Your relative must also complete an affidavit of support if he or she has filed an employment-based immigration petition (Form I-140) as the employer on your behalf or if he or she has a significant ownership interest (5 percent or more) in a business that filed an employment-based immigrant petition for you.
In determining his or her income amount, your relative can include in the count:
- Money held in savings accounts, stocks, bonds, and property
- Your income and, in some cases, your assets
- The income and, in some cases, the assets of members of your relative’s household related by birth, marriage, or adoption or of those listed on your relative’s most recent federal income tax return (whether or not they reside with your relative)
Not surprisingly, meeting the financial support qualifications presents an insurmountable obstacle to many otherwise willing and qualified potential sponsors. In some cases, if the relative visa petitioner’s household income doesn’t quite reach the minimum 125 percent above the government-mandated poverty level, a joint sponsor may also be allowed to sign an additional affidavit of support.
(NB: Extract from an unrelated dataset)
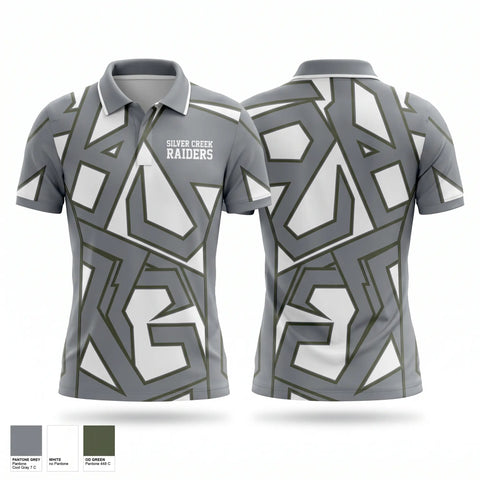 Short Sleeve Performance Polo, Silver Creek Raiders, Tennis, Teamtime, Team time, sublimation, custom sports apparel, team uniforms, spirit wear, spiritwear, sports uniforms, custom shirts, team store, custom team store, fundraiser sports, apparel fundraiser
A joint sponsor is someone, other than the family member who is sponsoring you for immigration, who is willing to share legal responsibility, along with your family member, for supporting you if for any reason you are unable to support yourself after immigrating to the U.S.
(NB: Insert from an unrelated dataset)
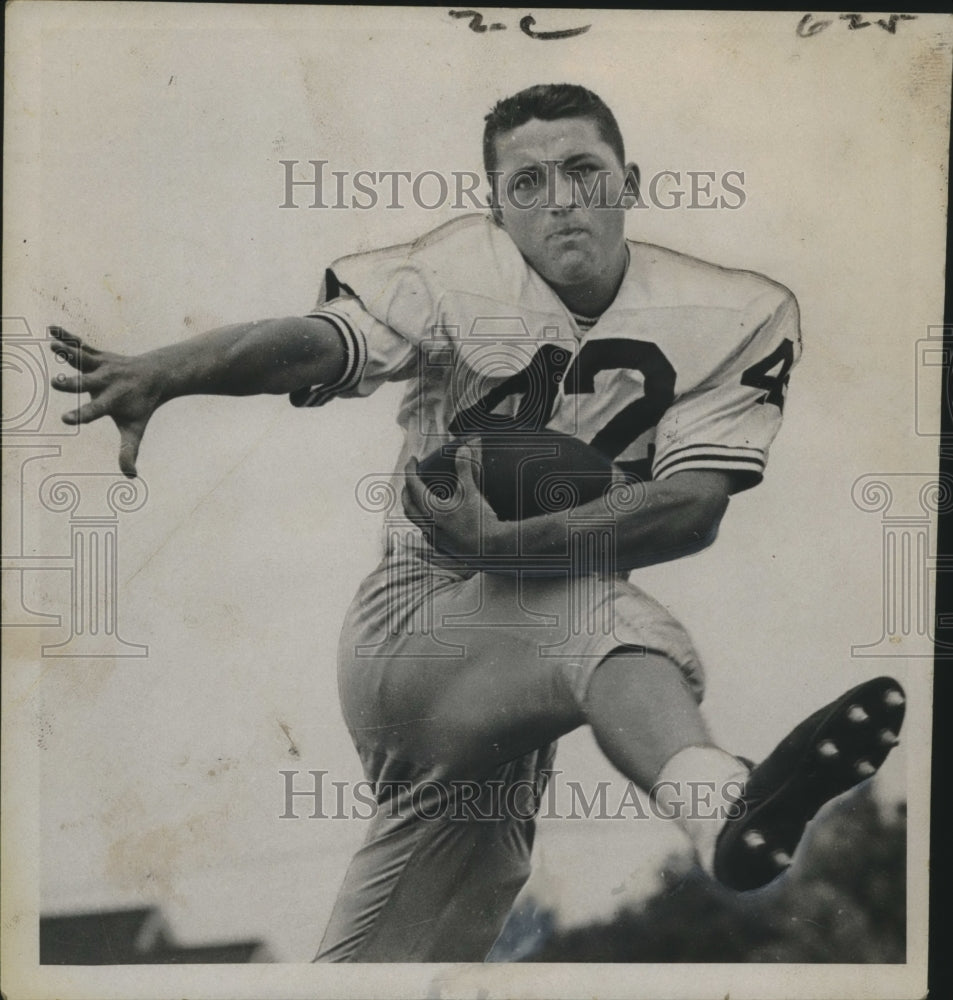 1967 Press Photo John Delaney, LaGrange Senior Football Halfback Player - Historic Images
A joint sponsor must meet the same sponsorship qualifications as the sponsoring relative with one important exception: The joint sponsor does not need to be a relative of any kind (he or she can be, but that isn’t required in order for the person to qualify).
The joint sponsor (or the joint sponsor and his or her household) must meet the 125 percent income requirement on his or her own. You cannot combine your income with that of a joint sponsor to meet the income requirement the way you can with your primary sponsor.
So how much is 125 percent above the mandated poverty level? The U.S. Department of Health and Human Services sets the annual poverty guidelines. The guidelines are available from the U.S. Department of Health and Human Services (HHS).
The guidelines are also on the BCIS’s Web site as part of Form I-864, but often those guidelines are not updated as quickly as they are at the HHS, so checking with HHS first is always a good idea.